A Little Hindsight on this December Morning

As a teacher, there were more times than I care to admit that I felt I wasn’t enough.  

There were times I felt I wasn’t making a difference.

There were times I questioned why I was even teaching.

There were times I just felt less than.

You know—not as good as. 

Like I should be doing more. 

Like I should be exactly like other teachers I admired. 

And it seemed everywhere I looked, I was reminded of everything I should be, but wasn’t.

(Thank you Twitter. Much obliged.)

But now, thanks to a little thing called hindsight, I’m feeling better. 

I get it.

As an ELA teacher, I usually wrote with my students. If I expected them to write in a certain genre, I felt the need to have that experience for myself.
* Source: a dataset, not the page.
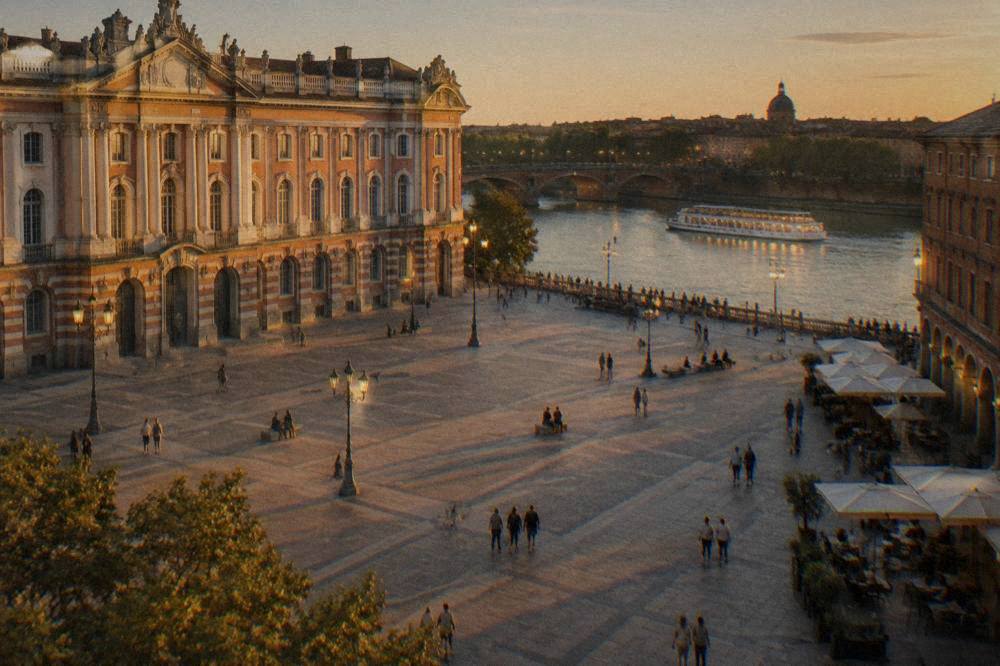 A river cruise boat lit up at dusk on the Garonne in Toulouse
Occasionally, I would share my writing with my students, as I felt it important to remind myself of how it felt to share my thoughts and feelings with an audience.

I needed to feel the butterflies in my stomach.

I needed to hear the blood pounding in my ears.

I needed to feel alone when in a room of people.

So I shared the descriptive ode I had written and listened to my students laugh.

I shared my slice of life story and listened to sniffles.

And at the end of the school year, I shared this post and listened to an unimaginable silence, followed by the screeching of stools being pushed back from tables as students engulfed me with kind words and hugs.

So I get it. I understand the power of writing.

Writing creates connections. 

Sharing my writing encouraged others to share. 

Sharing my writing made others feel less alone.

And sharing my writing encouraged others to write…

and provided the opportunity for others to be heard.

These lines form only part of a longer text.